[Image-caption web data]
[Start of section]
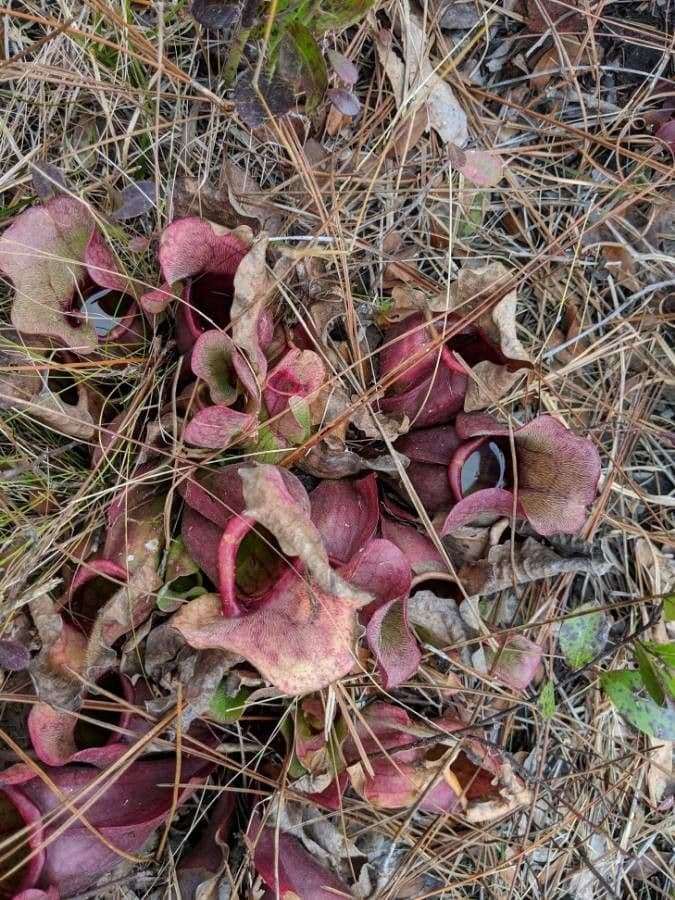 Rote Schlauchpflanze 9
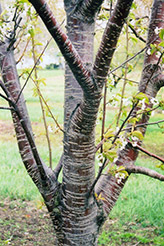 Sweet Cherry (Prunus avium) at Stonegate Gardens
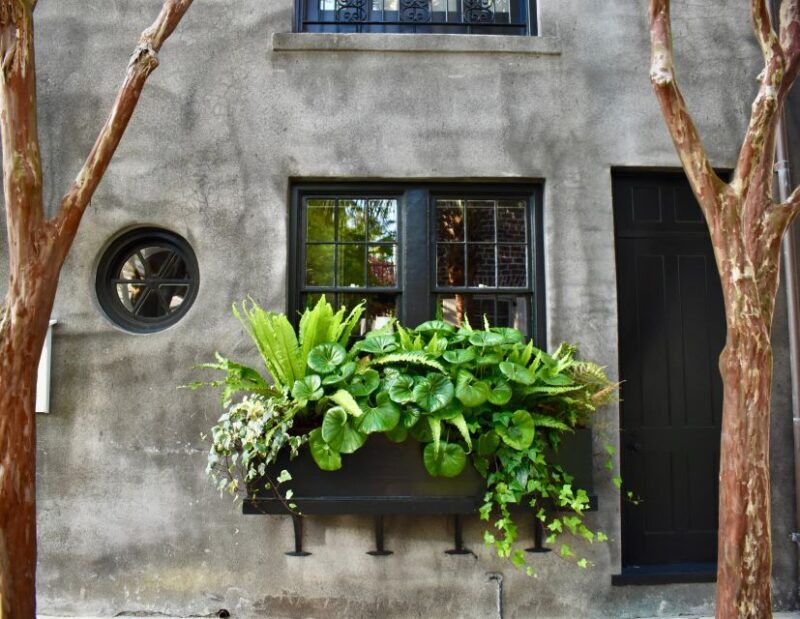Charleston: Hidden Alleys and Historic Sites Walking Tour - What to Expect on the Tour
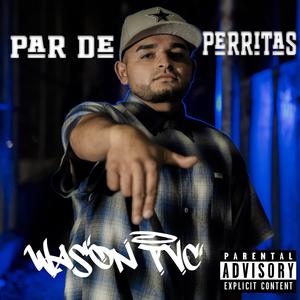 Par de Perritas (feat. Wazon TVC) (Explicit)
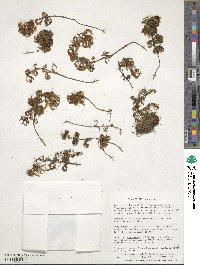 Hymenophyllum tortuosum image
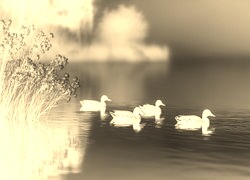 Sepia + Negatyw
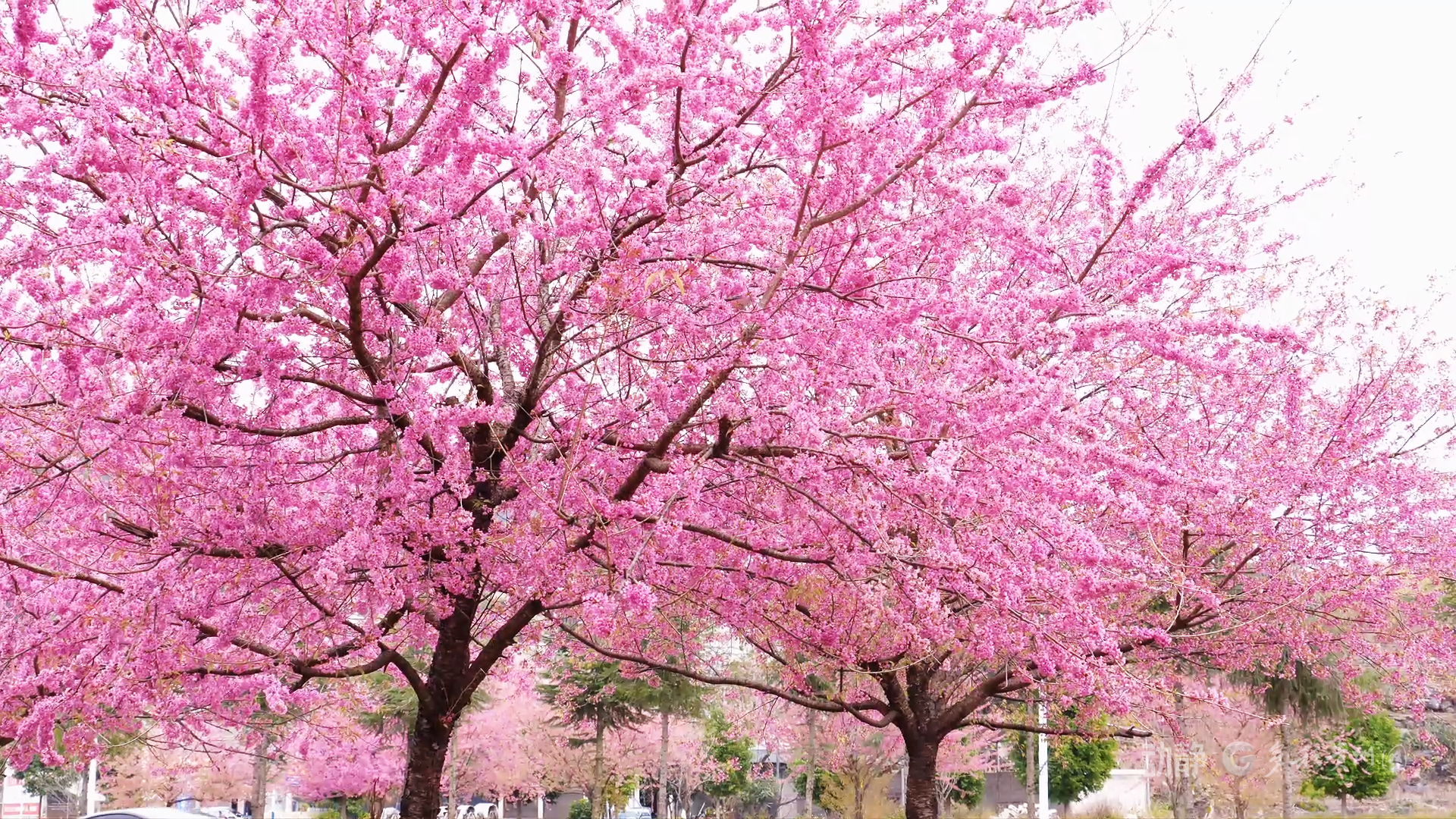 现在出发！邂逅冬日贵州丨安龙冬樱花开成海，值得即刻奔赴(图6)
[End of section]
When restating the records word for word, omit any picture they contain.

 Rote Schlauchpflanze 9
 Sweet Cherry (Prunus avium) at Stonegate Gardens
Charleston: Hidden Alleys and Historic Sites Walking Tour - What to Expect on the Tour
 Par de Perritas (feat. Wazon TVC) (Explicit)
 Hymenophyllum tortuosum image
 Sepia + Negatyw
 现在出发！邂逅冬日贵州丨安龙冬樱花开成海，值得即刻奔赴(图6)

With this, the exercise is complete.